DATA SUPPLIED:
*** Block opens ***
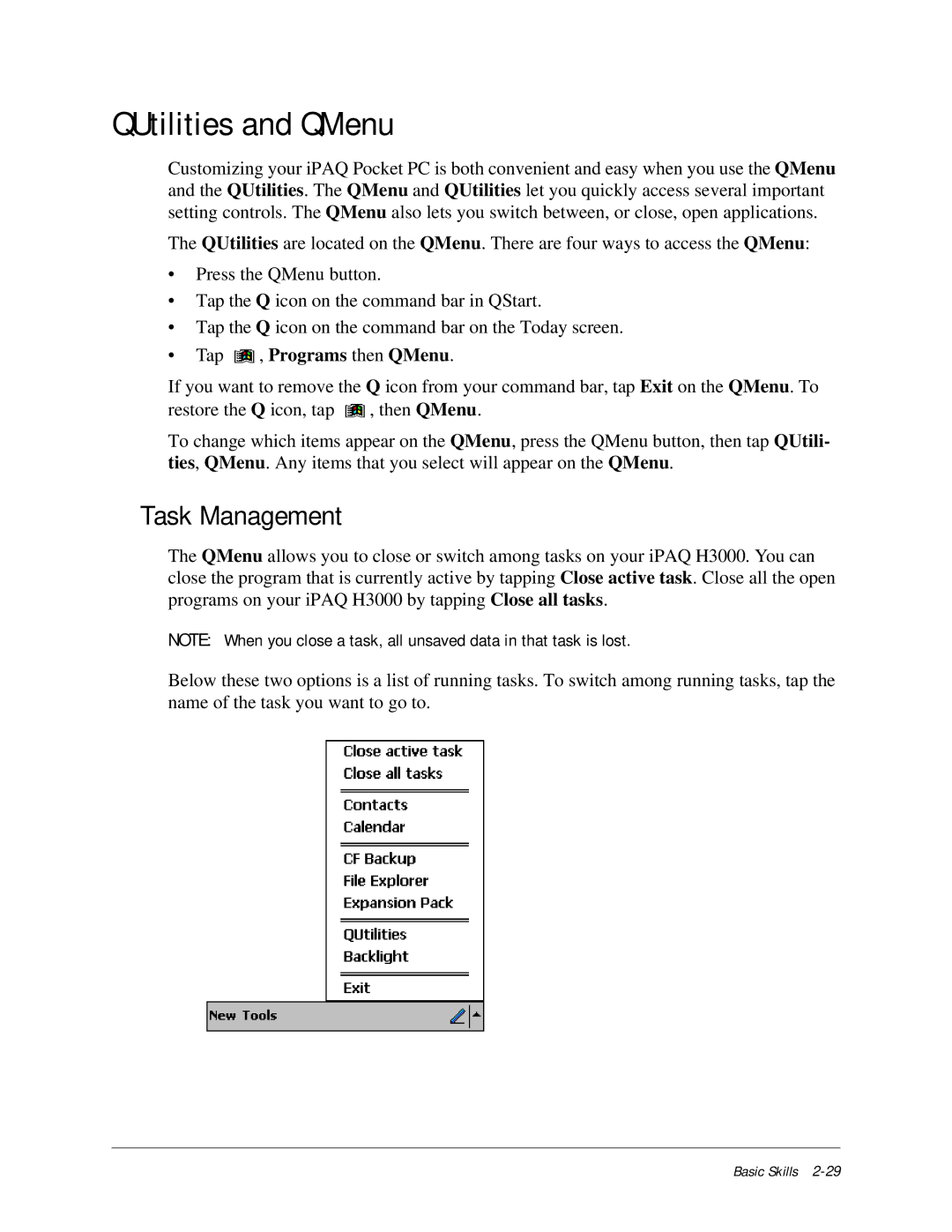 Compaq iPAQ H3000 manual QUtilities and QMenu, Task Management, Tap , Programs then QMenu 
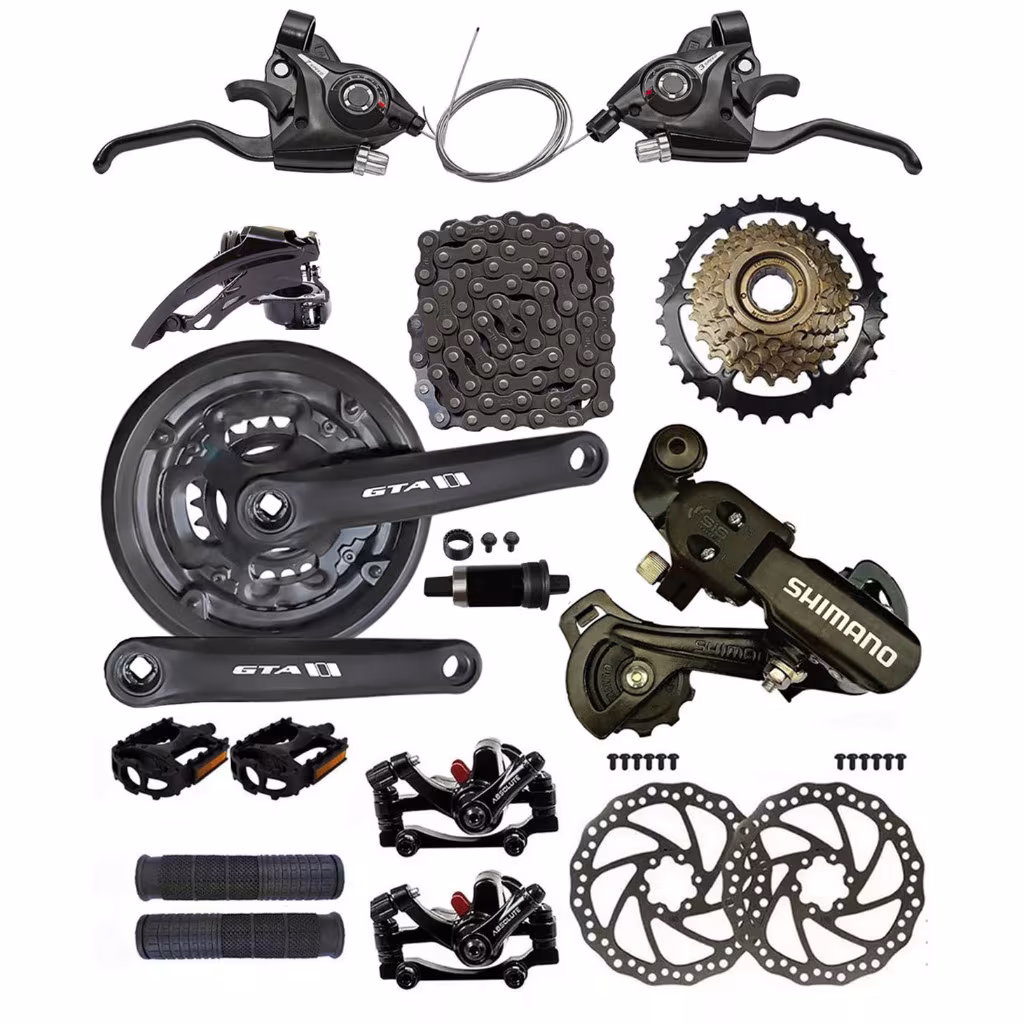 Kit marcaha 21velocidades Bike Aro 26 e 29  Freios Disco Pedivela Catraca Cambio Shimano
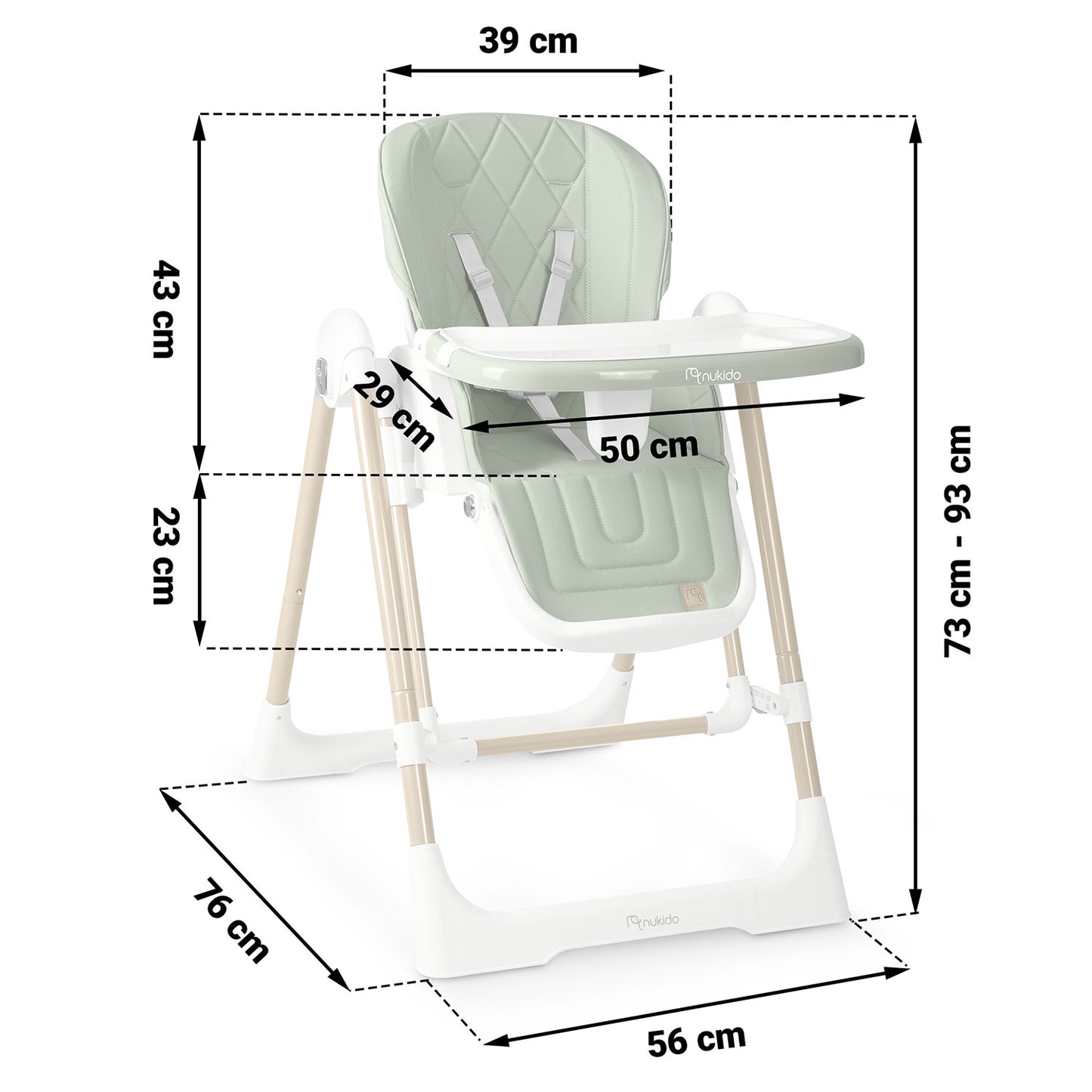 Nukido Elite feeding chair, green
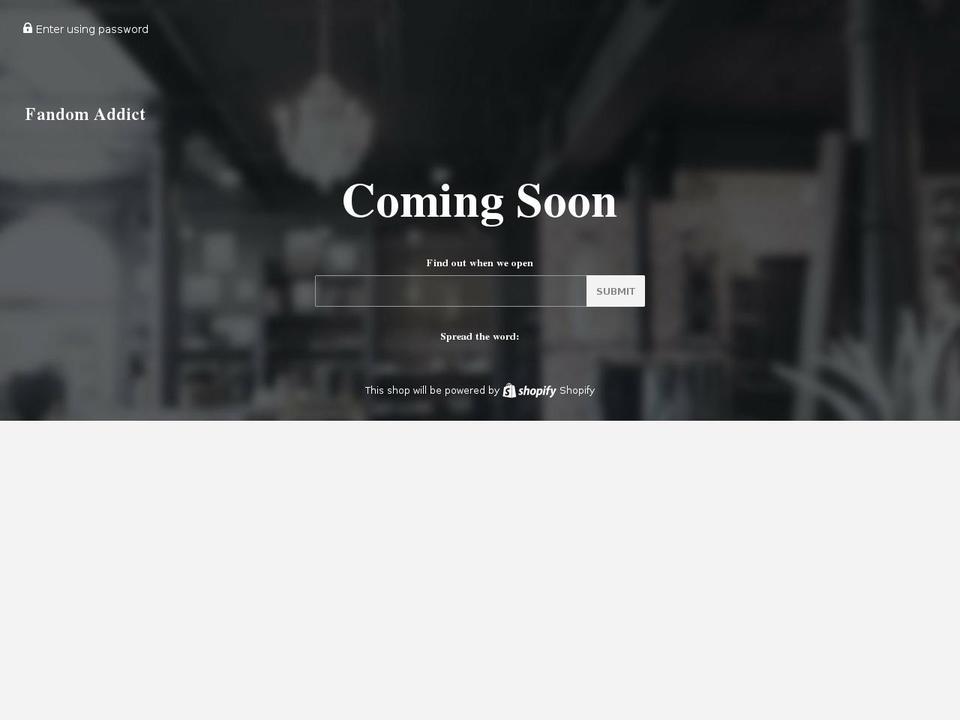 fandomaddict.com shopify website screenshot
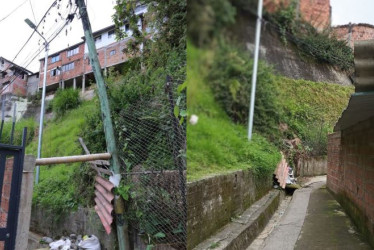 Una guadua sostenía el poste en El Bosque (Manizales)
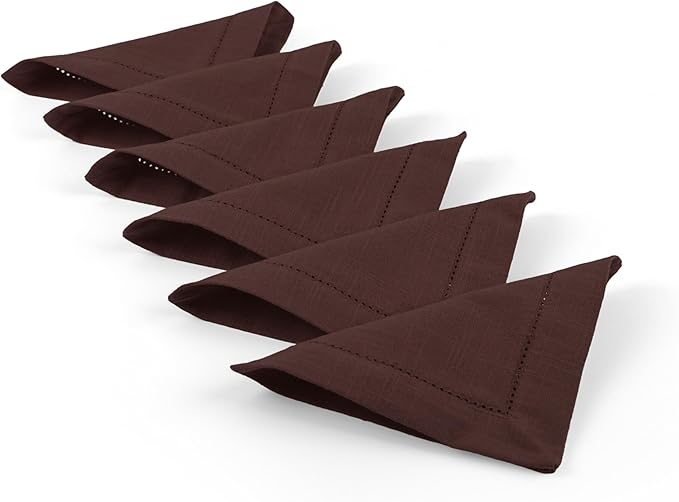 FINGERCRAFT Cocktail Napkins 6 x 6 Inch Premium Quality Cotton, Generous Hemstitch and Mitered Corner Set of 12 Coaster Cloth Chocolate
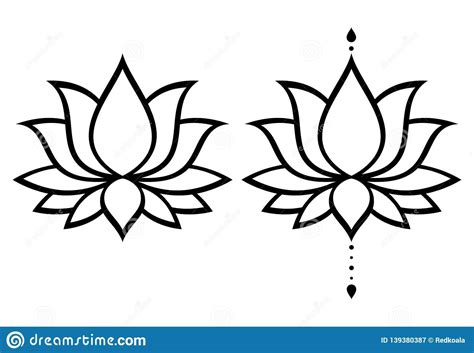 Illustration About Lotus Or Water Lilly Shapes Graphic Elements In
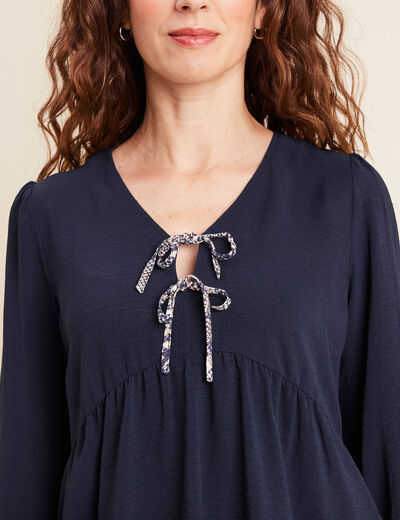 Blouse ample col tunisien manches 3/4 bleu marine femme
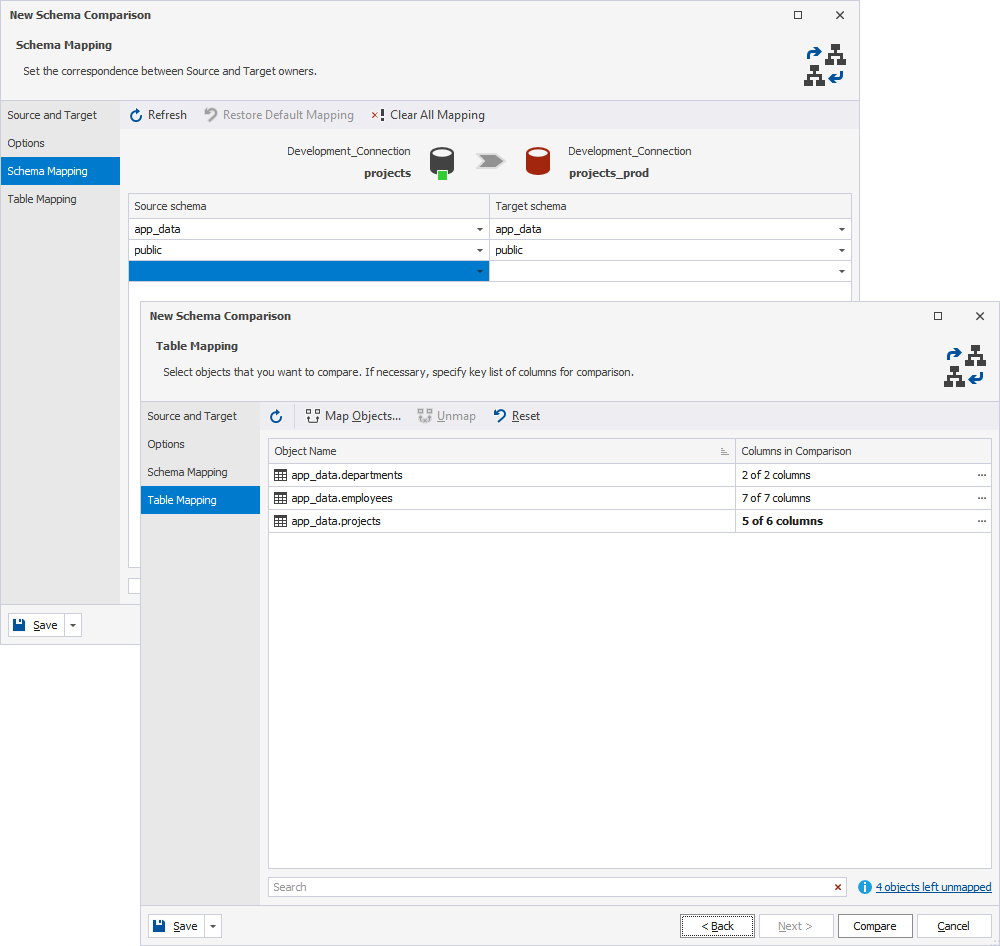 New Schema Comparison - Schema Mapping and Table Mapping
*** Block closes ***
EXERCISE DETAILS:
Output all the material verbatim, skipping every image.

ANSWER AREA:
 Compaq iPAQ H3000 manual QUtilities and QMenu, Task Management, Tap , Programs then QMenu 
 Kit marcaha 21velocidades Bike Aro 26 e 29  Freios Disco Pedivela Catraca Cambio Shimano
 Nukido Elite feeding chair, green
 fandomaddict.com shopify website screenshot
 Una guadua sostenía el poste en El Bosque (Manizales)
 FINGERCRAFT Cocktail Napkins 6 x 6 Inch Premium Quality Cotton, Generous Hemstitch and Mitered Corner Set of 12 Coaster Cloth Chocolate
 Illustration About Lotus Or Water Lilly Shapes Graphic Elements In
 Blouse ample col tunisien manches 3/4 bleu marine femme
 New Schema Comparison - Schema Mapping and Table Mapping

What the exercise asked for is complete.